Backpropagation works fine with random feedback weights

Neural networks are trained with the backpropagation algorithm. The backpropagation algorithm has a nice and simple interpretation in terms of backpropagating errors from the top layer to the lower layers of the network during training. For example, in the case of multi-layer feedforward linear networks, the update for a particular weight between layers l and l+1 can be written as:

\Delta W_{ij} \propto \gamma^\top W_{l+1}^\top W_{l+2}^\top \ldots W_{L-1}^\top \mathbf{e}

Here W_m are the forward weights, \mathbf{e} is the error vector and \gamma is a vector that depends only on the activities of the pre- and post-synaptic neurons of this particular connection. We can easily interpret this expression as the backpropagation of the error vector \mathbf{e} from the top of the network to the rest of it through feedback weights W_m^\top. Interpreting it this way has some biological appeal, since the brain is known to contain an abundance of feedback projections whose function is rather unclear. However, we have a problem. In order to make this idea work, we need to assume that feedback projections are always symmetric to the feed-forward projections, which is not particularly realistic for the brain. So, perhaps the first thing one would try is to see how important it is to maintain this precise symmetry between the forward and the backward projections. For example, what if we replace W_m^\top in the backward projections by some random and fixed matrices B_m. This is precisely what they do in this recent paper by Lillicrap et al. (2016). This is such a simple and beautiful idea that I’m surprised nobody tried it before!
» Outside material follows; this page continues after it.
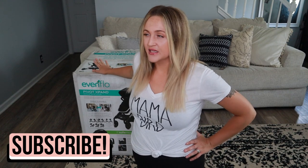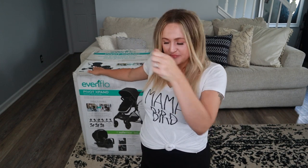Hey guys, welcome back to my channel. Today I have a different kind of video for you — I'm going to be unboxing and doing my first impressions of the Evenflo Pivot Expand. This is not sponsored in any way; my family actually purchased this for us. We are due with our second baby girl in October, I'm currently 30 weeks pregnant. They found it cheaper at Target than Amazon, and my mom has a Target Red Card so she got 5% off too.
Amazingly, this works just fine. In fact, it seems to work slightly better than standard backprop in most cases they consider in the paper. This could be because the algorithm with fixed random feedback has elements of second-order optimization (in particular Gauss-Newton), the authors argue. Formally, they show that in linear networks, the error feedback projected by fixed, random feedback weights is always a positive scalar multiple of the error feedback that would be sent by the pseudo-inverse of the forward weights, W^+. The significance of this is that if the feedback weights exactly matched the pseudo-inverse, W^+, they would be implementing an approximation to the Gauss-Newton method. Of course this argument is heuristic: the algorithm doesn’t really implement a second-order descent algorithm; it doesn’t even correspond to minimizing any loss function as the dynamics it describes is non-conservative, as the authors note.
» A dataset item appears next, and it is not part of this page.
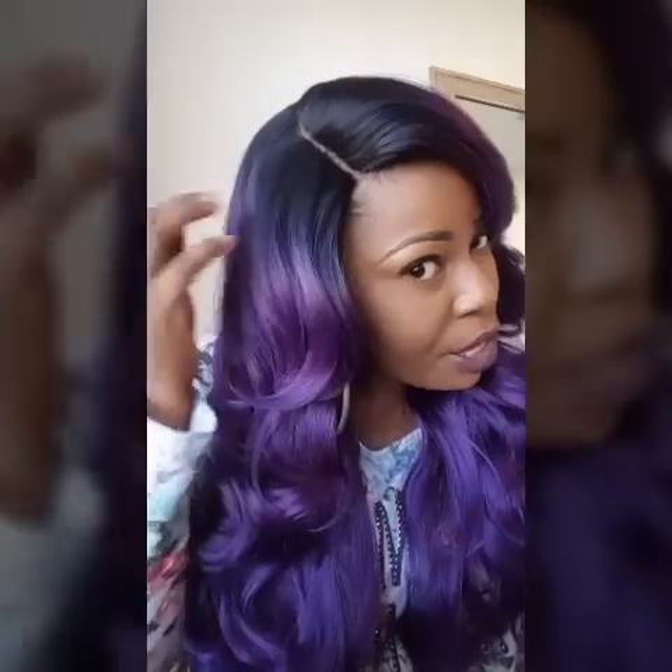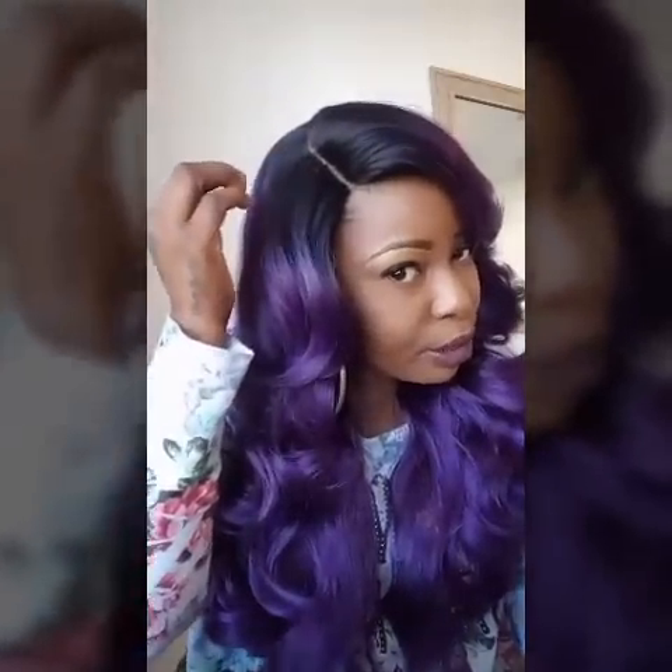So this is Freetress Equal lace front Carissa again. She does come with adjustable straps — two in front and one in the back. Now with this part, she did need plucking, but I plucked her because I like a more realistic look. I want it to look more like a sew-in with a lace part rather than just looking like a straight-up lace front wig.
It’s interesting to note that during learning forward weights come to resemble (but not exactly match) the pseudo-inverse of feedback weights (more than they come to resemble the transpose of feedback weights). Had the forward weights exactly matched the pseudo-inverse of feedback weights, that would mean that you don’t really need to train the networks, because the pseudo-inverse of a random matrix is a random matrix! So, the network seems to try to satisfy two conditions at the same time: on the one hand it tries to align the forward weights to the pseudo-inverse of feedback weights so that the feedback weights can backpropagate useful error signals, but on the other hand, it tries to do the task which requires that the feed-forward weights be non-random (and indeed orthogonal to any random matrix on average). So, there seems to be an interesting trade-off here. Of course, this “the-network-tries-to” language is a bit misleading, because as mentioned above, the dynamics doesn’t really correspond exactly to minimizing any objective, but effectively that seems to be what’s happening.
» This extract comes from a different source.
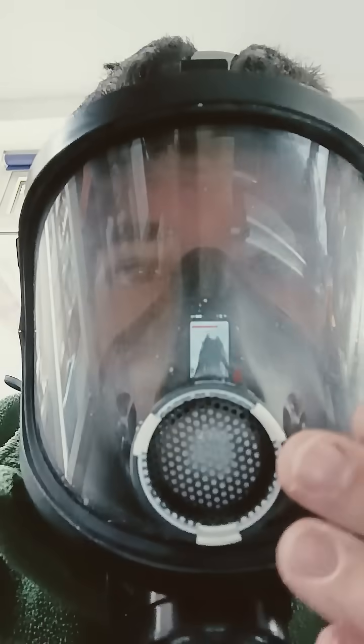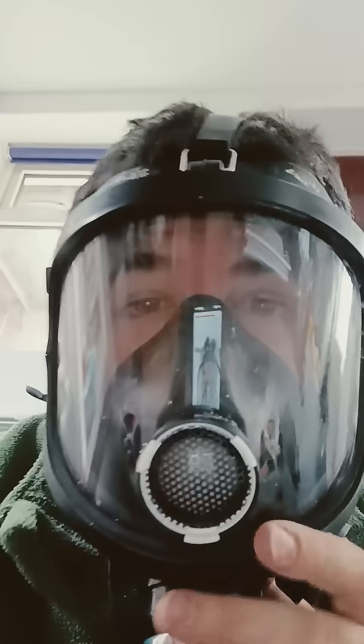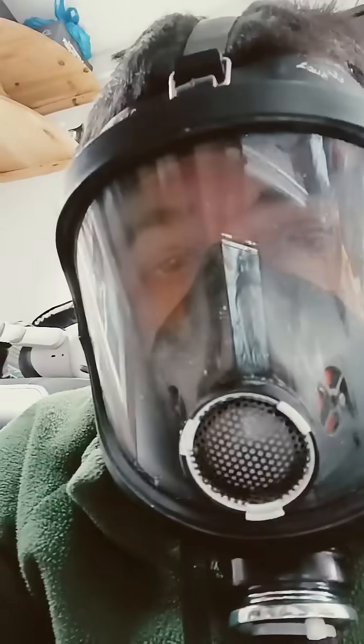I can immediately feel cold air on my face. Every time I breathe out there's constant airflow now. The valve's letting air out without me doing anything. I'll actually tighten this to make the mask more effective. The mask is now defogging because the PAPR system is actually working.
Like all good papers, this paper opens up a lot of interesting questions. Here are some I’m particularly interested in:

  • Although the authors’ efforts to analyze the algorithm are laudable, it would be nice to have a better, more rigorous understanding of what exactly the algorithm is doing.
  • Except for the spiking network example, they ignore any nonlinearities in the backward projection path (even in non-linear networks). This is not biologically plausible. It would be interesting to explore what happens when non-linearities in the backward pathway are included.
  • Can we somehow do better than the completely random feedback matrices B? What is the optimal fixed feedback matrix?
  • Most importantly, feedback connections are plastic too. Does learning become even faster with plastic feedback weights?